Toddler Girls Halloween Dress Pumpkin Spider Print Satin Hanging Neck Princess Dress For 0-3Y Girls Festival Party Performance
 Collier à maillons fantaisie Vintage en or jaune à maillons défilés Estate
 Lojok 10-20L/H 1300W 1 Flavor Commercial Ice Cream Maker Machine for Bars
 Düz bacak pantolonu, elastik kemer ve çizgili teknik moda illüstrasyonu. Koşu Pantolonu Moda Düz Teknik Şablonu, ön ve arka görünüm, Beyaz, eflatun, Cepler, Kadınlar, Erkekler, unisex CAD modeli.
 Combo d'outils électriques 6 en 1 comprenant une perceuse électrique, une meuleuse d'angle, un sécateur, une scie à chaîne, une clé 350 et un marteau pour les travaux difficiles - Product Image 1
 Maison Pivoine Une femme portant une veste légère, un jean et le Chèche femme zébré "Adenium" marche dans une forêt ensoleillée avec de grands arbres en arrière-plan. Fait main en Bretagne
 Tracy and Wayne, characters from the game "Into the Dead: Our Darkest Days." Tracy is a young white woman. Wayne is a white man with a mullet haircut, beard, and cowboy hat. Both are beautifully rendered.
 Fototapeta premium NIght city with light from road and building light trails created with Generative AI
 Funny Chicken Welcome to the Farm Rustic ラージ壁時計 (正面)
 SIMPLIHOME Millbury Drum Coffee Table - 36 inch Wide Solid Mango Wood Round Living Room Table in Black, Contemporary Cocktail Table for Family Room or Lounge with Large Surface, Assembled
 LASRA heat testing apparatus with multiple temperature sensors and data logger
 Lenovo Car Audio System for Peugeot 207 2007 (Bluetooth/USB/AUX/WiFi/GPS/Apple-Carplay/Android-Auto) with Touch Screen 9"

· · · ·

▸ **WORK REQUIRED**
Scan the material above for the string "from". Copy each line that holds it.

▸ **TASK ANSWER**
 Tracy and Wayne, characters from the game "Into the Dead: Our Darkest Days." Tracy is a young white woman. Wayne is a white man with a mullet haircut, beard, and cowboy hat. Both are beautifully rendered.
 Fototapeta premium NIght city with light from road and building light trails created with Generative AI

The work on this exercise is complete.